_INSTRUCTIONS TO FOLLOW_:
Every line from the one with "实验ALevel (新哲文院A-Level学部) |" to the end of the listing below must be printed exactly, with no other text and no pictures.

_MATERIAL PROVIDED_:
########

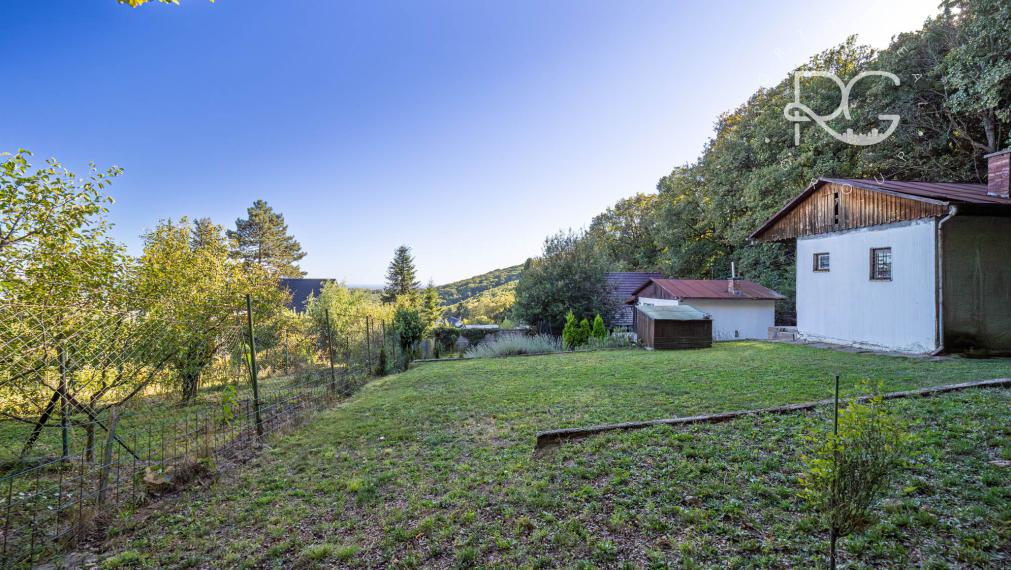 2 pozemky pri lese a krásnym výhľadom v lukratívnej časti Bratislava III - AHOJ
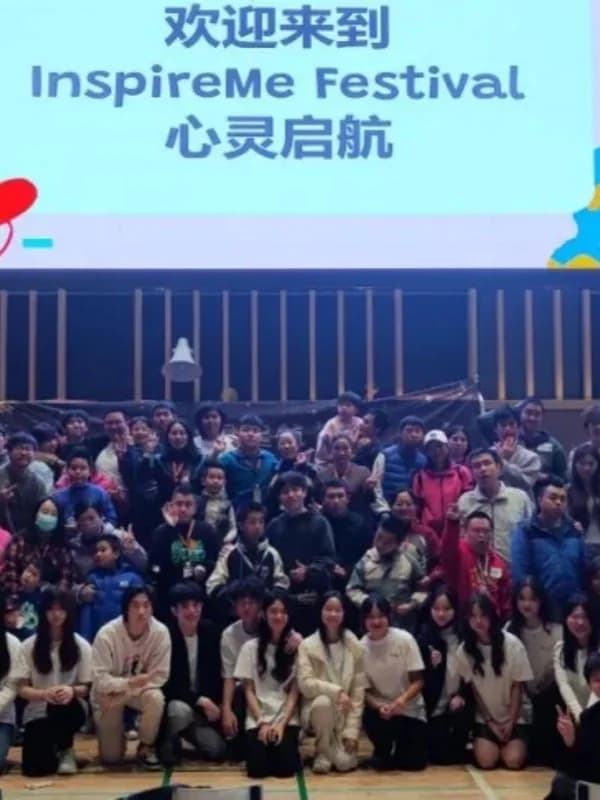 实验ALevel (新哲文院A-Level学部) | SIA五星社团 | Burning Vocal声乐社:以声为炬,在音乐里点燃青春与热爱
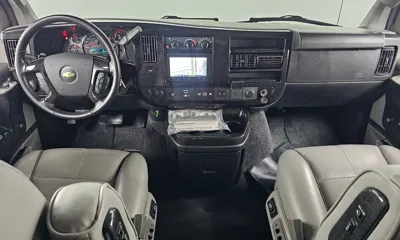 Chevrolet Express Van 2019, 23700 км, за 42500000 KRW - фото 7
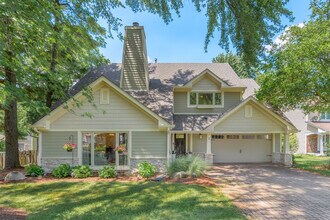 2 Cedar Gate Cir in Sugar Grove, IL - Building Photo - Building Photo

########

_RESULT OF THIS EXERCISE_:
 实验ALevel (新哲文院A-Level学部) | SIA五星社团 | Burning Vocal声乐社:以声为炬,在音乐里点燃青春与热爱
 Chevrolet Express Van 2019, 23700 км, за 42500000 KRW - фото 7
 2 Cedar Gate Cir in Sugar Grove, IL - Building Photo - Building Photo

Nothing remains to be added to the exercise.